If we casually read this text, we might detect a bit of a paradox.  God loves the world and that is why He sent His only begotten Son to save it; however, those who do not belive in Christ will be condemned.  While some might read Jesus' words as harsh, we should step back and examine these words in light of salvation history  From the onset, God gave us a free will.  What we do with it is our choice.  Scripture shows us what has happened down through the ages.  Beginning with Adam and Eve, all the way down to our age, we have not made the best of choices.  This weekend's first reading from the Second Book of Chronicles, reminds us what happened when Ancient Israel chose to disobey God rather than offer Him fitting worship and keep his commands.  Because of their disobedience, Ancient Israel subjected itself to the Bablyonian Exile.  It was only after 70 years that they were able to return to Jerusalem.
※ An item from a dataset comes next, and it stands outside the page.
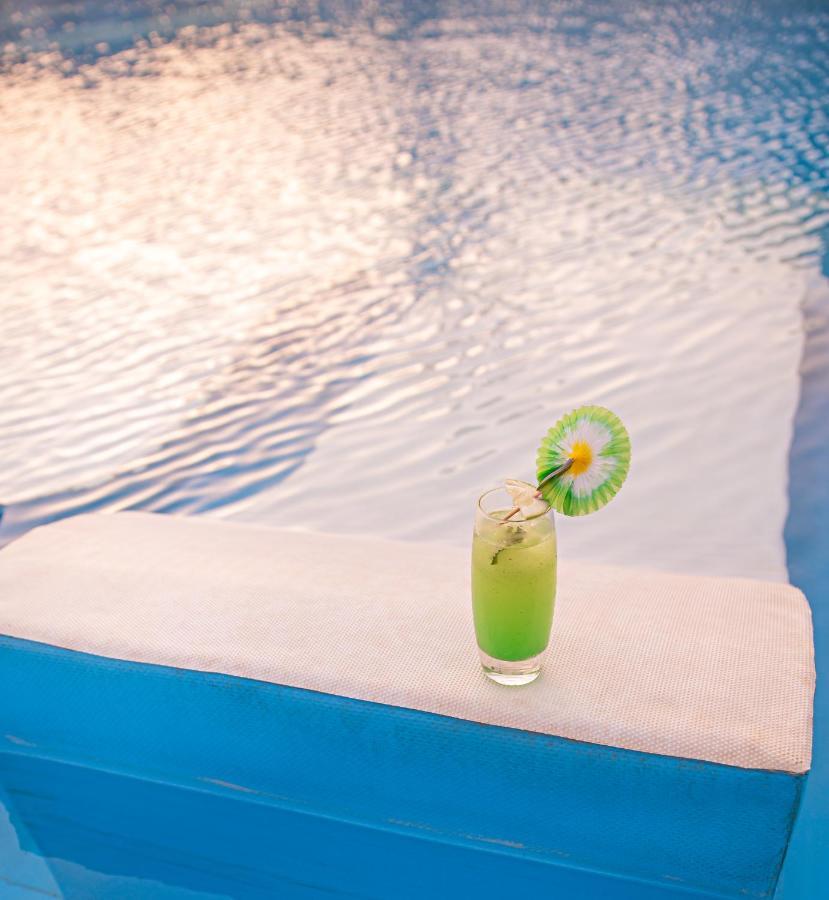 Waves Aqua Resort Kenitra Dış mekan fotoğraf A Blue Hawaii cocktail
What was the big deal about Jerusalem, one might ask?  According to the cultic sacrificial worship of Ancient Israel, sacrifices could only be offered in the Temple and the Temple was in Jerusalem, the City of David.  King Solomon had built an incredible Temple for the Lord, but, Ancient Israel, despite the warnings from God (via the prophets), turned its back against Him.  He wanted to spare His people from the punishment, but, they freely chose to abandon Him.  Because of this, God allowed the Babylonians to lay waste to Jerusalem, including burning down the Temple.  A good many people were taking to Babylon as captives.  For seven decades, Ancient Israel mourned their sins and the loss of Jerusalem, especially the Temple.  That is the message behind this weekend's Responsorial Psalm.  The people longed to worship God once more in the Temple.  They lamented their sins and they grieved the separation from God and Jerusalem.
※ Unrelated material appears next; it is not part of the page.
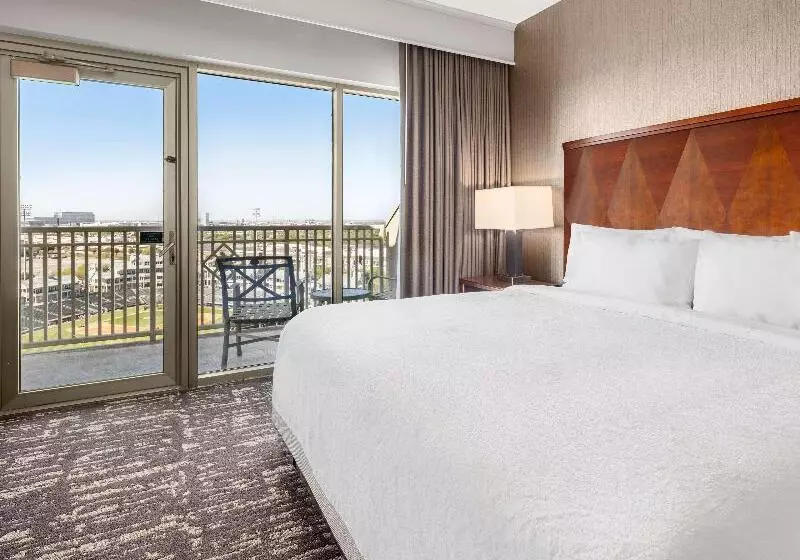 Sviitti, Embassy Suites By Hilton Dallas Frisco Hotel & Convention Center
In this weekend's Gospel reading, Jesus gives us the same warning through Nicodemus.  Yes, God loves us.  However, while He can heap on all of the love that He wants on us, our free will gives us the right of refusal.  If we do not accept God's invitation to love and a deep relationship, then, we are condeming ourselves.  As a wise prelate once said, "God loves us all, even the devil.  However, he cannot make us love Him.  God cannot make Satan love Him.  Satan outright rejected God; hence, he has condemned himself."  
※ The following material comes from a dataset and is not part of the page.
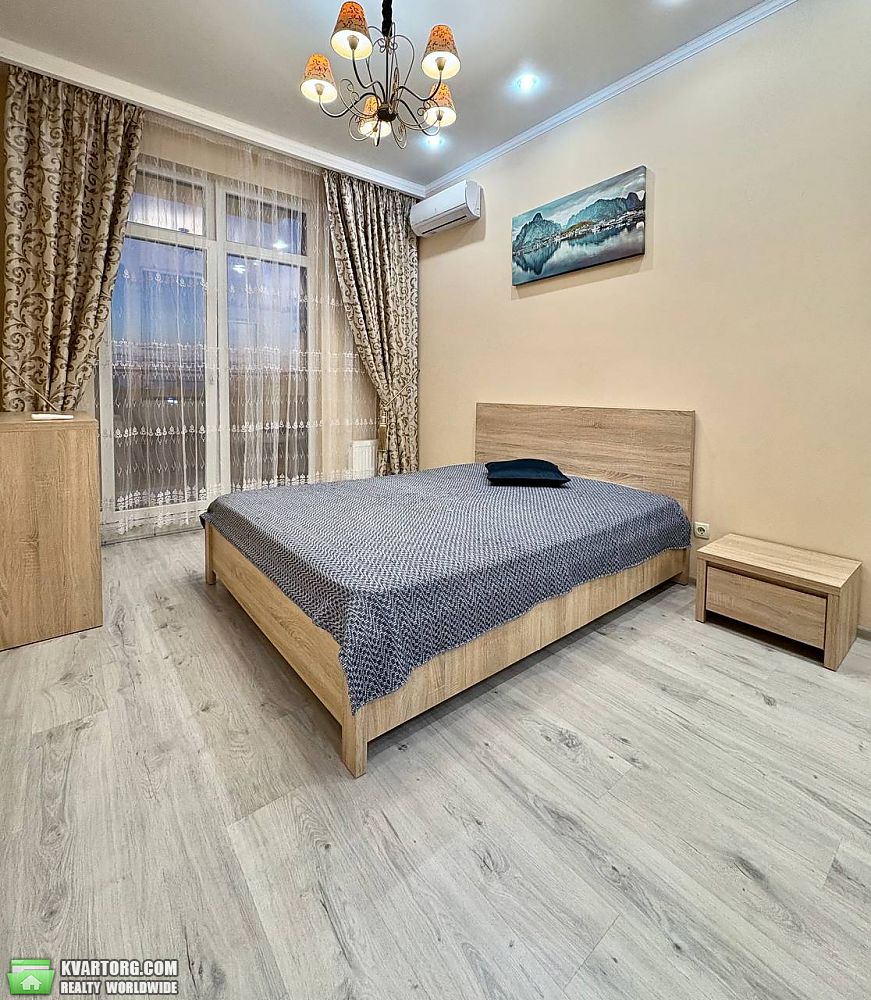 Rent out 1-room apartment. Одесса, Італійський бульвар — photo 1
And what of us?  We are in the same position as our ancestors in the Faith, Ancient Israel, only, instead of sending us people like Isaiah and Jeremiah, the Father has sent us His only begotten Son, Christ Jesus.  Christ communicates to us through the Church, through the pillars of Sacred Scripture and Sacred Tradition.  He also gives us the means to learn how to make the right choice, the Holy Sacrifice of the Mass.  The wise prelate I quoted earlier once said that every Mass affords us the opportunity to experience a foretaste of the final judgment.  Yes, God loves us, but, that is only half of the matter.  During the Mass, we experience the Holy Exchange.  God declares His love for us, through the Sacrifice of His Son.  We are not pew potatoes.  For our part, we (hopefully) declare our love for God in return.  Perhaps the most powerful way of declaring that love is when we approach to receive Our Lord in Holy Communion (if we are properly disposed to do so).  At that moment, we are saying Yes to God.  We are choosing to let Him into our hearts.  Even if one cannot receive Holy Communion, he can still make a committed yes to God by making a Spiritual Communion, asking Jesus to come into his heart. 

God lays out His proposal before us ever anew; however, it is up to us to accept it.  God so loved the world that He sent us His only begotten Son; however, it falls to us to be willing to accept God's  love ever anew.  Let us choose, then, to love God in return.